[DATASET EXTRACT]
┄┄┄┄┄┄┄┄┄┄

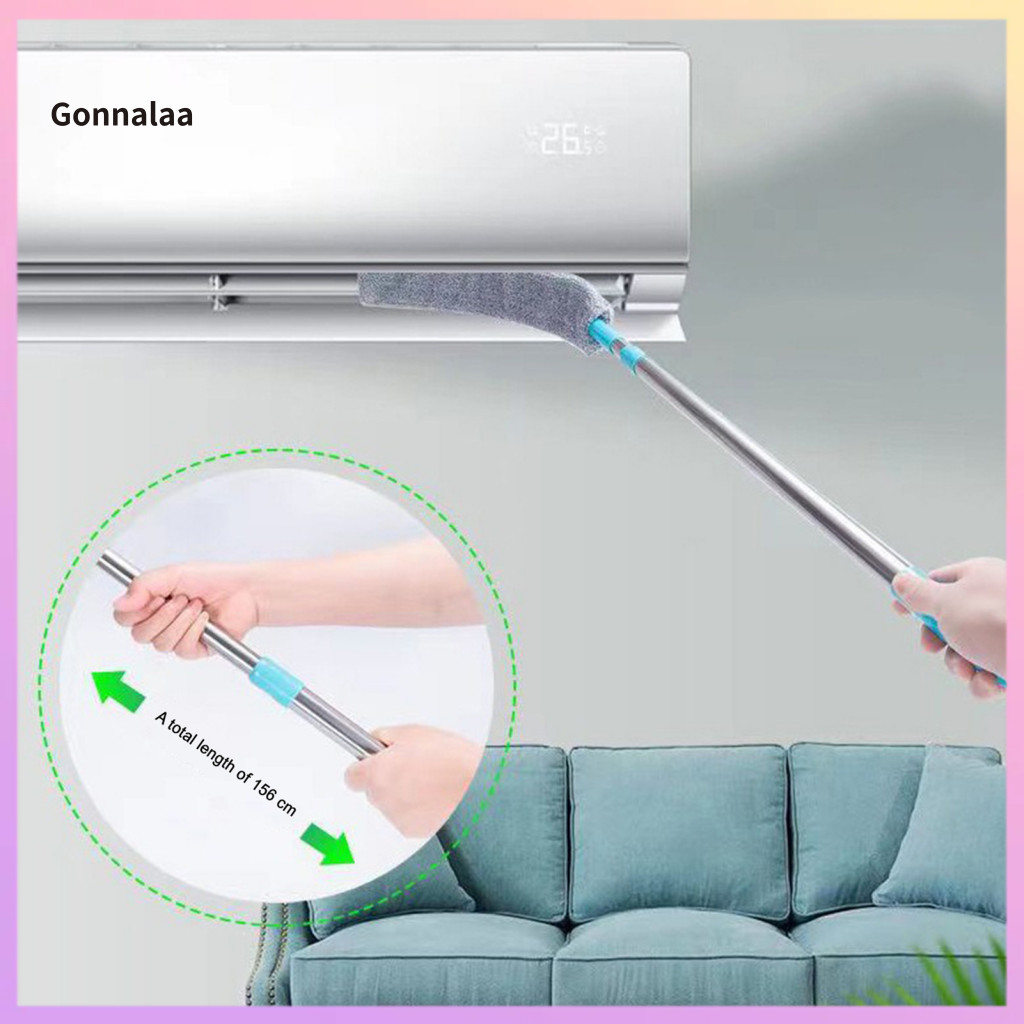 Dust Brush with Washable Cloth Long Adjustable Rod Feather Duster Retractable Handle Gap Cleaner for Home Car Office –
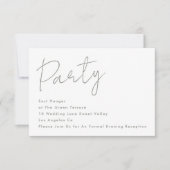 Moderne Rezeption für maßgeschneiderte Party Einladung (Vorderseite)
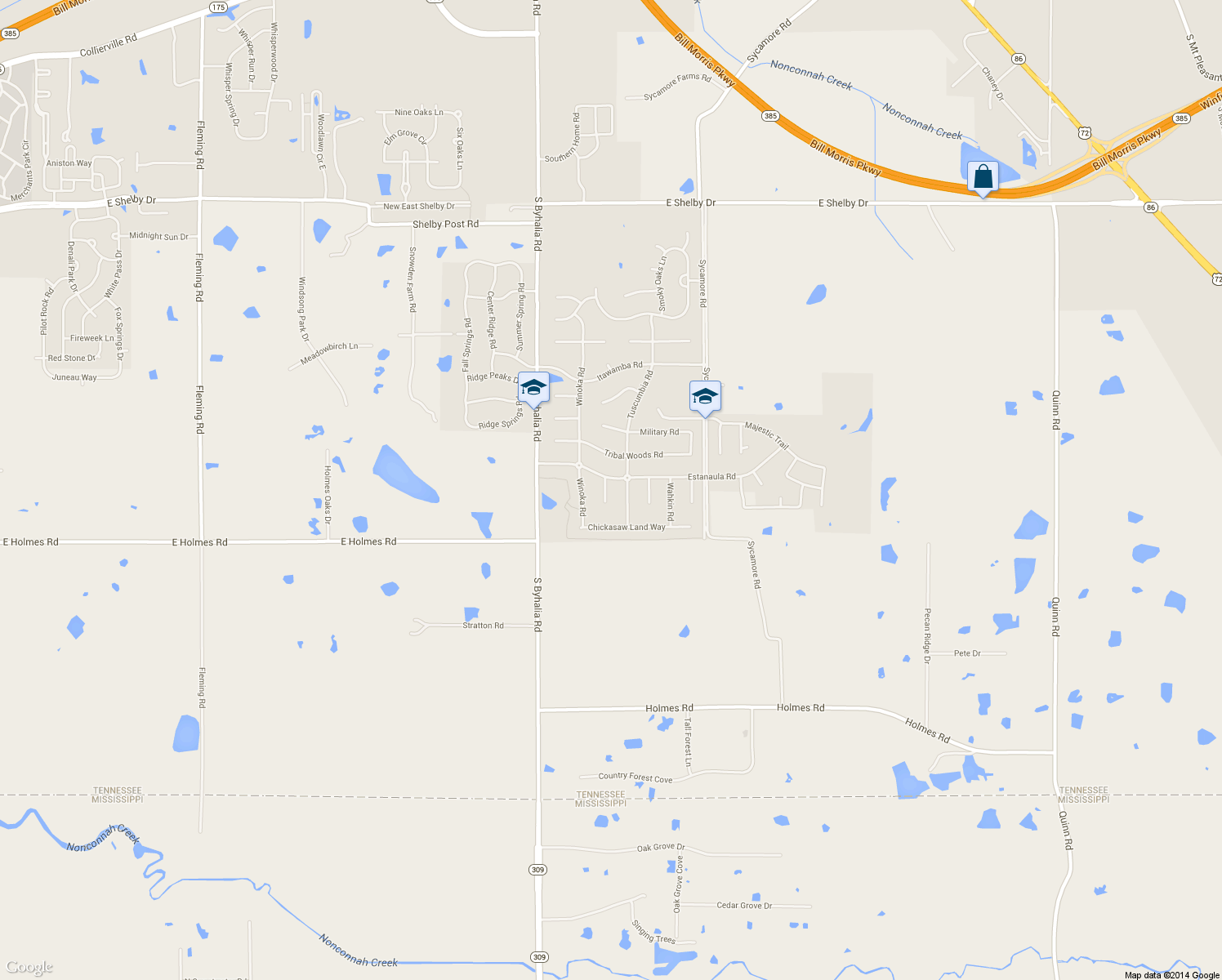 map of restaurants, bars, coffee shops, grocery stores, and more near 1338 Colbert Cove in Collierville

┄┄┄┄┄┄┄┄┄┄

[THE TASK]
In the printed copy, the material above must appear unchanged and without its pictures.

[WRITTEN ANSWER]
 Dust Brush with Washable Cloth Long Adjustable Rod Feather Duster Retractable Handle Gap Cleaner for Home Car Office –
 Moderne Rezeption für maßgeschneiderte Party Einladung (Vorderseite)
 map of restaurants, bars, coffee shops, grocery stores, and more near 1338 Colbert Cove in Collierville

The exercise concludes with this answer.